I created a Powershell script to insert the rows, something like the below:

insert rows into table storage via batch operations
Param(
$resourceGroup = "",
$storageAccountName = "",
$tableName = "",
$csvFile = ""
)

function CreateTableEntity {
param (
[string]$partitionKey,
[string]$rowKey,
[string]$prop1,
[string]$prop2,
[string]$prop3
)
$entry = New-Object Microsoft.Azure.Cosmos.Table.DynamicTableEntity($partitionKey, $rowKey)
$entry.Properties.Add("prop1", $prop1)
$entry.Properties.Add("prop2", $prop2)
$entry.Properties.Add("prop3", $prop3)

return $entry
}

$partitionKeyLength = 3
Install-Module -Name AzTable
Import-Module AzTable
$storageAccount = Get-AzStorageAccount -ResourceGroupName $resourceGroup -Name $storageAccountName
$ctx = $storageAccount.Context
$cloudTable = (Get-AzStorageTable -Name $tableName -Context $ctx).CloudTable

$csvObject = Import-Csv -Path $csvFile

[Microsoft.Azure.Cosmos.Table.TableBatchOperation]$batchOperation = New-Object -TypeName Microsoft.Azure.Cosmos.Table.TableBatchOperation
$insertPartitionKey = ($csvObject | Select-Object -First 1).pcd.Substring(0, $partitionKeyLength)
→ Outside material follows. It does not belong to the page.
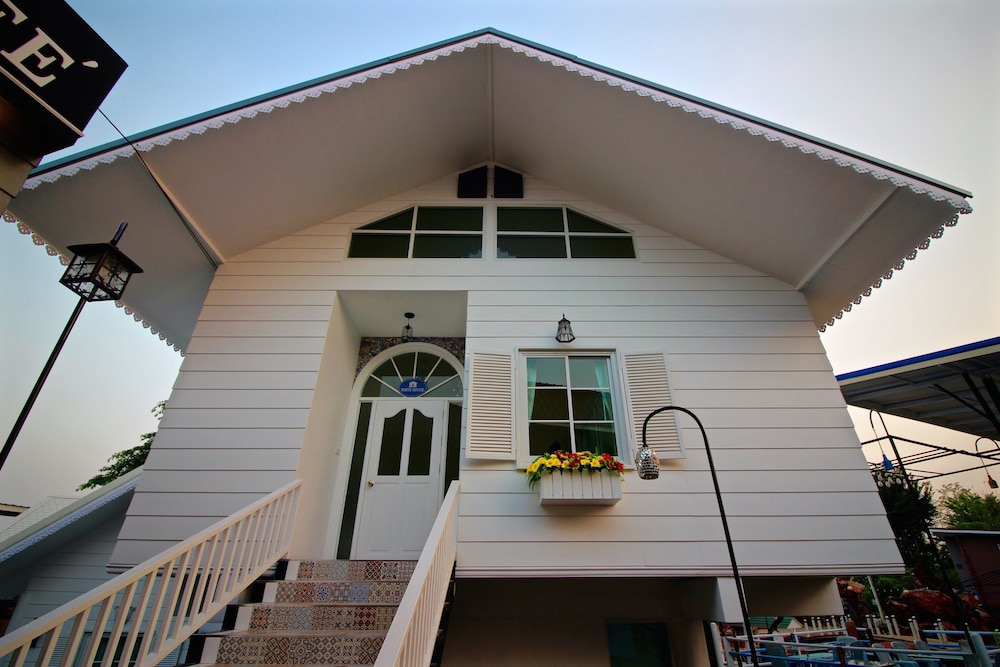 Yoko Riverkwai Hotel Resort 1/49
$batchOperation = New-Object -TypeName Microsoft.Azure.Cosmos.Table.TableBatchOperation
foreach ($row in $csvObject) {
# Remove whitespace for easier retrieval
$postcode = $row.pcd -replace '\s',''

# Set partitionKey for this row
$partitionKey = $postcode.Substring(0, $partitionKeyLength)

# if current row partition key is different from init/latest; execute batch and start again
# or batchOperation contains 100 rows (max for an operation)
if ($insertPartitionKey -ne $partitionKey -or $batchOperation.Count -eq 100) {
$cloudTable.ExecuteBatchAsync($batchOperation)
$batchOperation = New-Object -TypeName Microsoft.Azure.Cosmos.Table.TableBatchOperation
$insertPartitionKey = $partitionKey
}

$entry = CreateTableEntity -partitionKey $partitionKey -rowKey $postcode -pconcd $row.pconcd -pconnm $row.pconnm -pconnmw $row.pconnmw
$batchOperation.Insert($entry)
}

if ($batchOperation.Count -gt 0) {
$cloudTable.ExecuteBatchAsync($batchOperation)
}
note

This method of inserting rows into Azure Table Storage is great for relatively small numbers (less than 20k).

Due to my use case requiring 3m entries, we chose to use a Python script to prepare the CSV with PartitionKey and RowKey within; and then use an Azure Data Factory pipeline with a Copy Data activity to copy the rows between blob and table. This operation took 12 mins.